26 Oct Boo Numbers main screen

app iconRecently released (just in time for Halloween) is this new educational app from Kindermatica that helps children learn to write their numbers.

The app is a great way to help children practice writing numbers to 10 in  a fun way.  Children write each number three times with guides to help them  to find the starting point, and to stay inside the lines or on the path.    With each turn, the prompts and supports are decreased. You can move through the numbers in series, or you can select specific numbers to practice.

 

Features

  • Languages:  The app will run in English, Russian or Swedish.
  • Reporting: – Teachers and parents can view the results for each child.

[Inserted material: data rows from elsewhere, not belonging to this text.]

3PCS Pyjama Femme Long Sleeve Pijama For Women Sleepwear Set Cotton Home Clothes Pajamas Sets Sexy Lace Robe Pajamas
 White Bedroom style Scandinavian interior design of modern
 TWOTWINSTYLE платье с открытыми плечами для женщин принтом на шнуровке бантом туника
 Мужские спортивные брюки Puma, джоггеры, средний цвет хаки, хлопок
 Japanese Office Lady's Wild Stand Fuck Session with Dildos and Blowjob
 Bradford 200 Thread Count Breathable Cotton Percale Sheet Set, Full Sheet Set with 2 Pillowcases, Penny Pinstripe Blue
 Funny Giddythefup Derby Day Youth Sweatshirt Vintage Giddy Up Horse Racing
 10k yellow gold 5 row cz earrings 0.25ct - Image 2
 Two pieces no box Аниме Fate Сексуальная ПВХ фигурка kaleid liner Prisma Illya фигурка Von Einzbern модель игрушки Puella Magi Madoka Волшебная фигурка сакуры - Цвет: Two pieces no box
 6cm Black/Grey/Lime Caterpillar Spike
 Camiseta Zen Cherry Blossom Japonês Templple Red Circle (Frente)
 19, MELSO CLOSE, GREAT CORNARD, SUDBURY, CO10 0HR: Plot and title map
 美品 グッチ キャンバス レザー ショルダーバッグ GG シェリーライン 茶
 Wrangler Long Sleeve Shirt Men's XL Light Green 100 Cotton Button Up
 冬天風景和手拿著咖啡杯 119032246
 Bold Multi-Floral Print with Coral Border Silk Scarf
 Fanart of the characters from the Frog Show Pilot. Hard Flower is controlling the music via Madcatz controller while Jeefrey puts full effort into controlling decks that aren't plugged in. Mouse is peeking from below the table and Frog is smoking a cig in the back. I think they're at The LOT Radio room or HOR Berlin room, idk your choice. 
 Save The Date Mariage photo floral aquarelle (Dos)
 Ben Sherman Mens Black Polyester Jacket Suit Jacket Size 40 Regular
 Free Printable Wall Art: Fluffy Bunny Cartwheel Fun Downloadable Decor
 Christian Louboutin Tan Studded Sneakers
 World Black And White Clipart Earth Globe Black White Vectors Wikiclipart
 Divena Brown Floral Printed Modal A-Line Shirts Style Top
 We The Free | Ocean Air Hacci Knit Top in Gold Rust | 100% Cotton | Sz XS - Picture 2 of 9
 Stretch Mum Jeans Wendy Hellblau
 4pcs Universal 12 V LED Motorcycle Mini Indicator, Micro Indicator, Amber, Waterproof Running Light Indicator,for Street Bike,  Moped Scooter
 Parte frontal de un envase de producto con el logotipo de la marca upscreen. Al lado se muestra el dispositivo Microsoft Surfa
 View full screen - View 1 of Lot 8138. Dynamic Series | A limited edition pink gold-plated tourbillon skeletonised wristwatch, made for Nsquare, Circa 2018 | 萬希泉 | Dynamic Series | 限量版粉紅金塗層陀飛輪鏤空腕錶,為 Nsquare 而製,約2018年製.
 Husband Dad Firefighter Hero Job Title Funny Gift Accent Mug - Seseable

The app records two kinds of mistakes: when the child starts from the wrong point, and when they are out of line when writing the number.  This information will help teachers guide the student to correcting their errors and perfecting their technique.
  • Individual student profiles: – you can add up to 30 student profiles so that you can track progress individually.   Photos or avatars can be added from the device camera or from the camera roll.
  • Reward game: – Carve a jack-o-lantern by dragging shapes on to the pumpkin.  This is a fun exercise in symmetry as each item is placed as a pair with central symmetry.
  • Individual Settings:
    • Fonts: Select from 4 fonts, including Zaner-Bloser (commonly used in the US), Sassoon, and fonts for Sweden and Russia.
    • Modes:  you can select an easy or regular mode, and you can opt to repeat numbers.
    • Game Limit: You can turn the reward game off, or allow it to play for 30 sections, 1 minute, 3 minute or no limit.
    • Number of exercises before reward game:  Choose from 3, 6, 9 or 12 exercises to be completed before the child can play the reward game.
  • Music, Sound effects and speech are amusing, but can be turned off if you wish through the settings button at the top left of the screen.
  • Safety:  Kindermatica is a member of Know What’s Inside, a group of developers (formally known as Moms with Apps) who take child safety and security seriously, and who make sure parents have all the information they need to make good decisions about the apps they choose for their children.  In this app, for instance, there are some external links, but these are all hidden behind a parent lock.
  • Graphics: the graphics are beautiful and the little spider who guides us through the activities is very cute.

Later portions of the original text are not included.